Emission factors were calculated for all SHV and SHS constituents. Emission factors were only reported for constituents for which the uncorrected chamber concentration from the study product was statistically significantly greater than that of its respective blank. Table 4 summarizes the emission factor results for CC and ENDS (mg/cigarette or mg/10 min vaping).

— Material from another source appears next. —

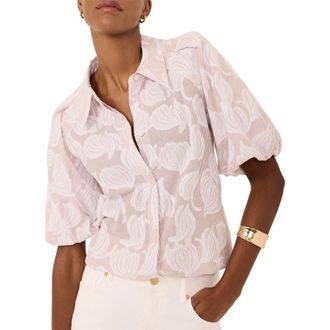 Mint Velvet Cotton Jacquard Shirt in Neutral at Nordstrom, Size X-Large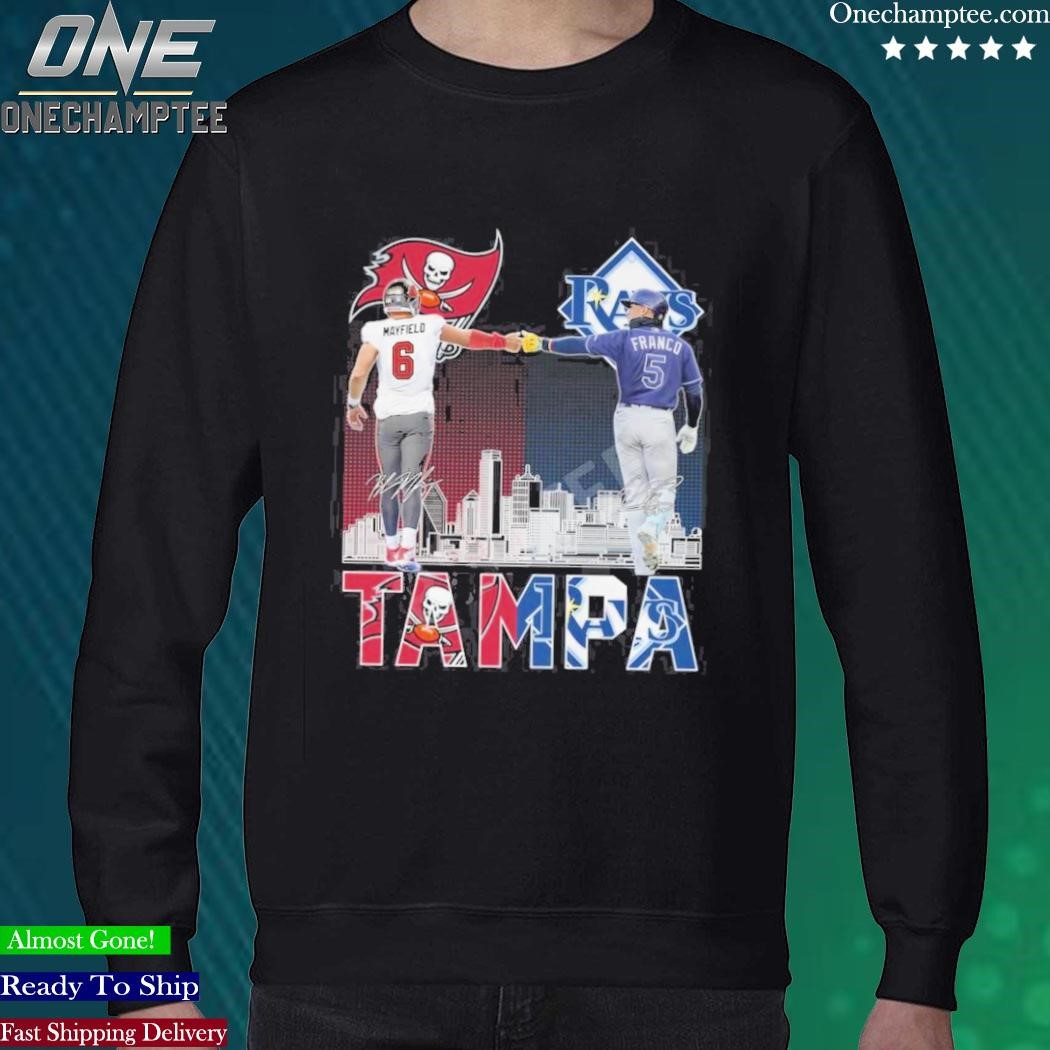 Tampa Bay Buccaneers Bay Rays Bay Lightning skyline logo shirt, hoodie,  sweater, long sleeve and tank top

A total of 20 cartridges each of Vuse Menthol, Vuse Original, and Vuse Original Silver were provided to 12 participants in each of Cohorts 3, 4, and 5, respectively. These cartridges were used for product use (vaping) runs in the chamber. The mass of e-liquid (g) used by participants in Cohorts 3, 4, and 5 is summarized in Table 5. The mass of e-liquid consumed during use of the market sample products was not measured. Table 6 lists the emission factor results for Vuse products (only) in units of μg/mg e-liquid consumed. Reporting as μg/mg e-liquid may be useful for modeling of emissions from the Vuse products over a typical day's usage. Among the three Vuse products, mean emission factors (μg/mg of e-liquid) were similar with the exception of propylene glycol, which was higher for Vuse menthol than for Vuse non-menthol (29 mg nicotine/cartridge) and Vuse non-menthol (14 mg nicotine/cartridge) (171, 22, and 22 μg/mg of e-liquid, respectively) (Table 6).